Officials prepare for bird flu

By Sarah J. Augustinas

The fear of a worldwide epidemic of the bird flu has risen in recent months, as confirmed cases spring up around the globe.

Beginning in Southeast Asia during 2003, the disease infected most of Asia’s poultry population, accounting for the demise of over 150 million birds.

Now considered by the World Health Organization to be “endemic” – native to a particular region or people – in Indonesia, Vietnam, Cambodia, China and Thailand, the bird flu was confirmed in Russia this July, followed by Turkey and Romania in October.

The concern of the health community is that the virus may mutate into an easily-transferable form, crossing the species gap and infecting humans. This fear has begun to materialize with 100 confirmed human cases, of which more than half have resulted in death.
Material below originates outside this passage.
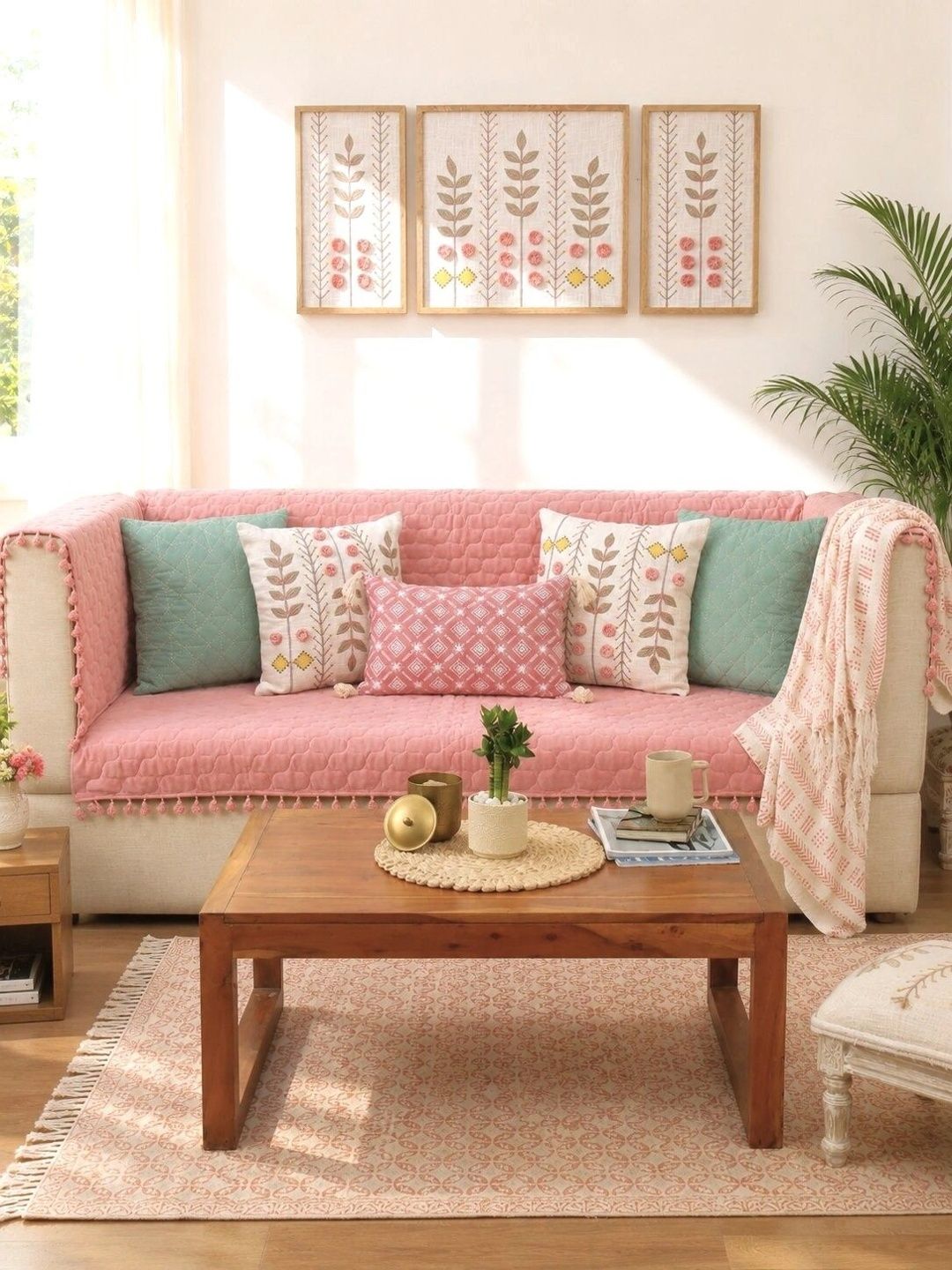 eyda Pink & Green Embroidered Cotton Blend Sofa Cover With Arms-picture-6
According to the WHO, “most cases have occurred in previously healthy children and young adults.”

Emergency plans formed

Because such an outbreak has never occurred among humans, which would allow immunities to form, the potential impact is vast.

“If this starts to spread in human populations, I don’t think any place is necessarily going to be considered safe,” said William Oleckno, professor of Allied Health Professions.

Emergency plans have been made to prevent an outbreak in DeKalb, according to both Chief Don Grady of the DeKalb police department and Eddie Williams, executive vice president of finance and facilities.

“In the case of an outbreak, we would be working side-by-side with the County Health Department,” Williams said.

Grady said the Police department would offer its assistance.

“If the health department needed to do mass inoculations we would use the Convocation Center,” he said.

He admitted, regardless of detailed planning, “it would be very difficult to quarantine the flu virus.”

Freshman undecided major Katrina Basch said while NIU could handle the situation, she still is worried about the spread of the disease.

“There’s something about birds and the flu that frightens me,” Basch said.

Shots not guaranteed solution

“Flu vaccines are based off of the flu that was prevalent last winter,” Oleckno said. “If it does move into human populations it probably will be the result of a genetic change.”

Such a change would render the vaccination ineffective, and the best options cannot be used until an outbreak occurs, Grady said.

“The world is ill-prepared to defend itself against a pandemic,” stated a WHO bird flu fact sheet.